C'était écrit
Ténèbres (1982) de Dario Argento avec Anthony Franciosa, Daria Nicolodi
Après une parenthèse (qu’il ne refermera jamais tout à fait) du côté du cinéma fantastique (Suspiria, Inferno), Dario Argento revient à ses premières amours et au « giallo ». Ténèbres est à la fois une œuvre somme où le cinéaste exacerbe toutes les caractéristiques du genre. Mais également un film « réflexif » où il met en scène un personnage proche de lui, à savoir un écrivain à succès harcelé par un psychopathe qui s’inspire de ses best-sellers pour commettre des crimes atroces[1].
Avec Ténèbres, Argento commence par appliquer habilement toutes les recettes qui ont fait son succès : tueur aux gants noirs (ce sont ses propres mains que nous voyons à l’écran), changements brutaux de points de vue (ces fameux plans « subjectifs » où le cinéaste nous place du côté du psychopathe) et même quelques scènes qui renvoient directement à ses films précédents (le jeune homme témoin d’un meurtre commis derrière une vitre et qui réalise plus tard qu’il n’a pas réellement vu ce qu’il croyait rappelle la scène d’ouverture de L’oiseau au plumage de cristal).
Mais ces ingrédients, il les pimente en exacerbant certaines caractéristiques du genre : l’érotisme est plus prégnant et c’est surtout du côté de la violence que ça déménage. Si le tueur commence très classiquement par tuer au rasoir (c’est net, propre et sans bavure même si ça gicle un peu), les meurtres suivants sont tous commis à l’aide d’une hache et font lorgner le film du côté du « gore » lors de scènes particulièrement sanglantes.

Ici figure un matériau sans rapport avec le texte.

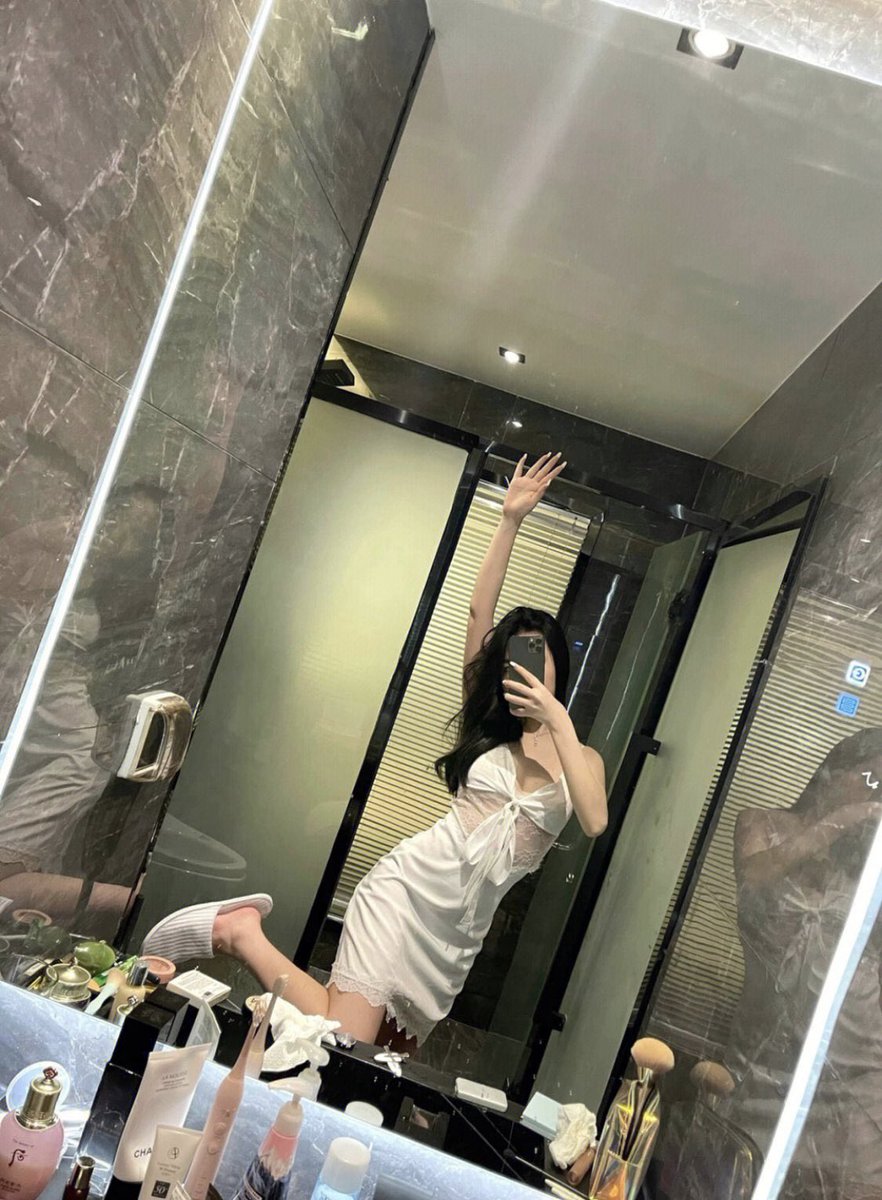 ForsterDaniel4's tweet photo. 新买的睡衣好看嘛，喜欢的点赞呦☺️ #人妻 #反差 #性感少妇 #调教 #露出淫女 #聊骚 https://t.co/B91jlQ9O0W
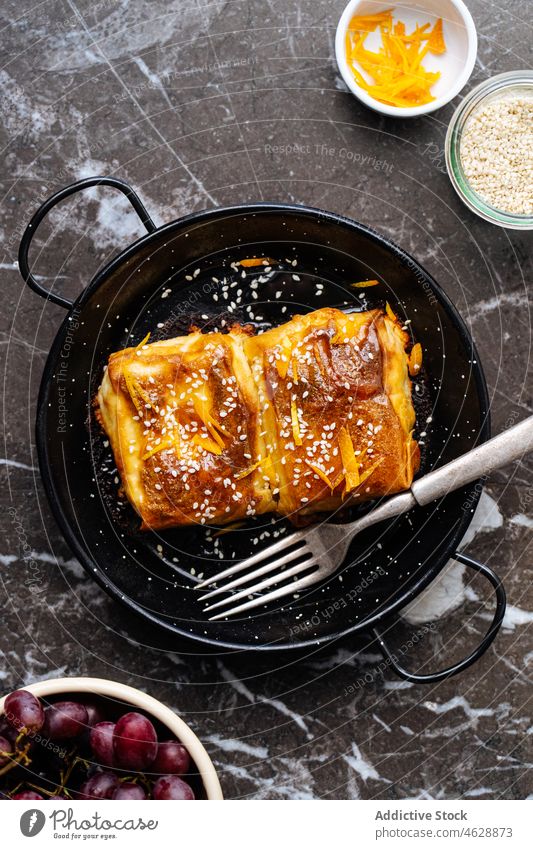 Süßes hausgemachtes Gebäck mit Sesam süß Dessert kulinarisch selbstgemacht Kalorie Leckerbissen Lebensmittel Gastronomie lecker Teller geschmackvoll Traube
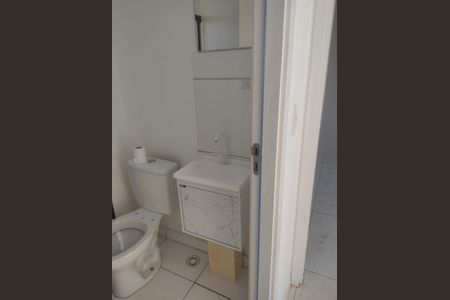 Banheiro de apartamento para alugar com 2 quartos, 43m² em Residencial Palma de Maiorca, Cotia
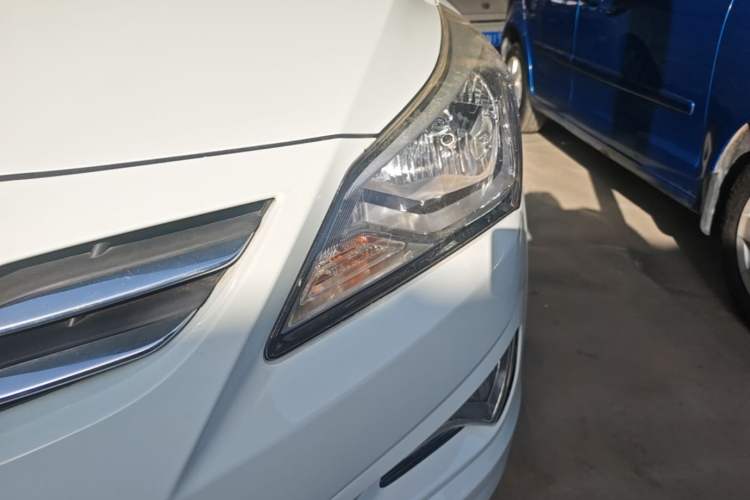 Used Hyundai Verna (older generation) 2014 1.4L Manual Smart GLS Trim Left Front Headlight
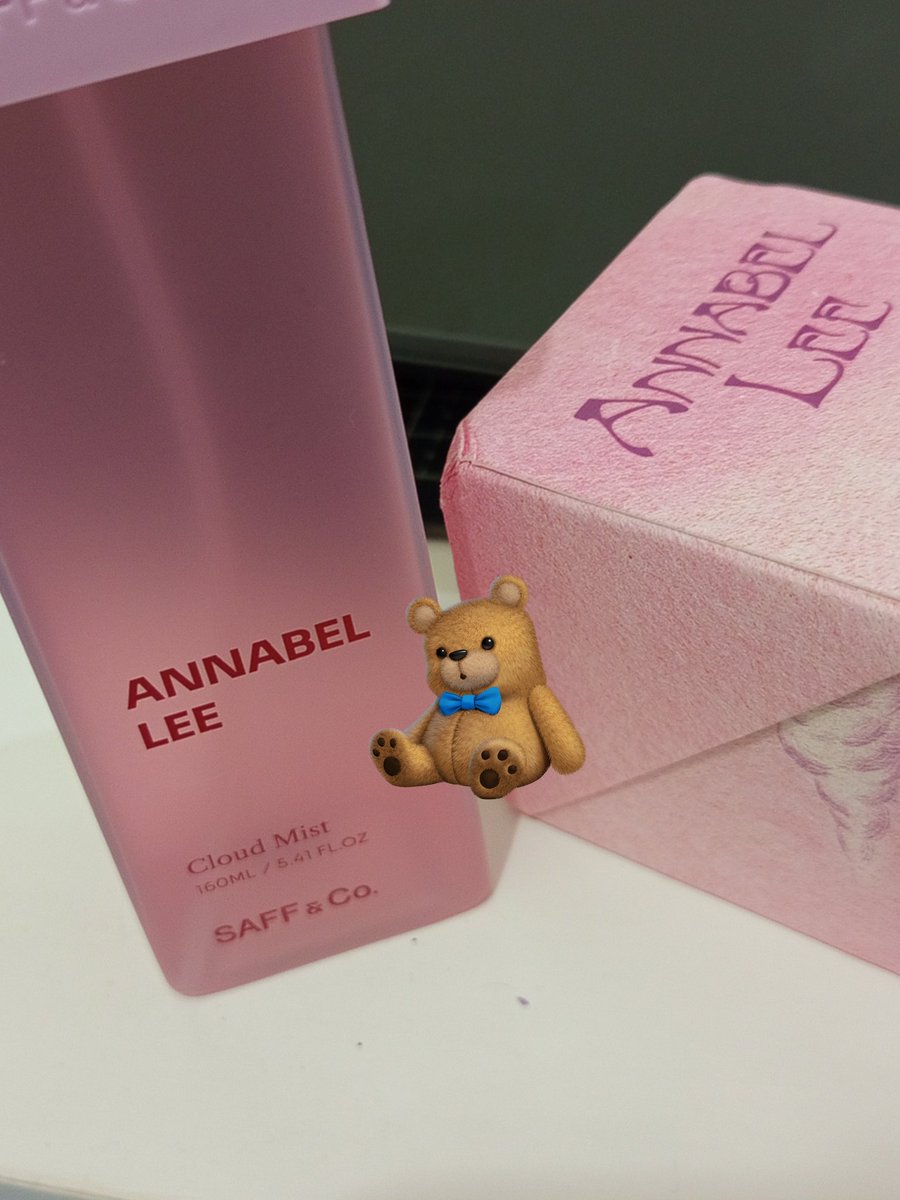 a 🫐📮⭐ tweet media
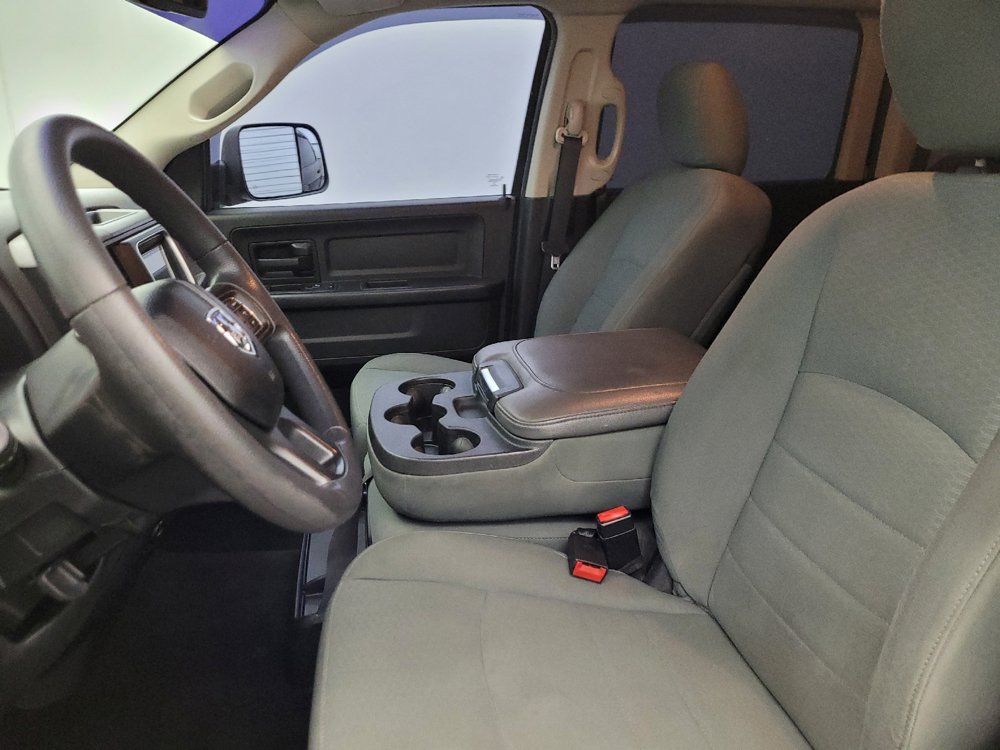 Used 2018 RAM 1500 Express RWD image 17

Mais ce qui séduit le plus dans Ténèbres, c’est le style éblouissant du cinéaste et sa manière de se détacher de son sujet pour composer de véritables morceaux de bravoures visuels. Tout le monde cite ce passage mais le deuxième assassinat (celui des lesbiennes) est assez incroyable. Il s’agit d‘un plan-séquence étourdissant à la louma qui part d’une fenêtre, glisse le long de la façade de la maison, se faufile le long des gouttières et du toit pour arriver à une autre fenêtre et laisser suggérer que le tueur est dans les environs. Plastiquement splendide, ce moment de pure virtuosité est parfaitement « gratuit » d’un point de vue narratif mais définit assez bien les enjeux du cinéma d’Argento à cette époque.
Encore une fois, il s’agit d’une histoire « déjà écrite » (le meurtrier ne fait que répéter des motifs déjà-vu, déjà imaginés par un autre). Pour le cinéaste, cette conscience d’arriver « après » agit à la fois comme un élément « bloquant » (voir ces beaux et envoûtants « flash-back » traumatiques dont on ignore au départ d’où ils sortent) qu’il va falloir dépasser. Après les tentatives « coloristes » de Suspiria et Inferno, il s’agit une fois de plus d’utiliser des motifs classiques (aux limites de l’invraisemblance parfois) comme point d’appui au déploiement d’un style baroque et flamboyant.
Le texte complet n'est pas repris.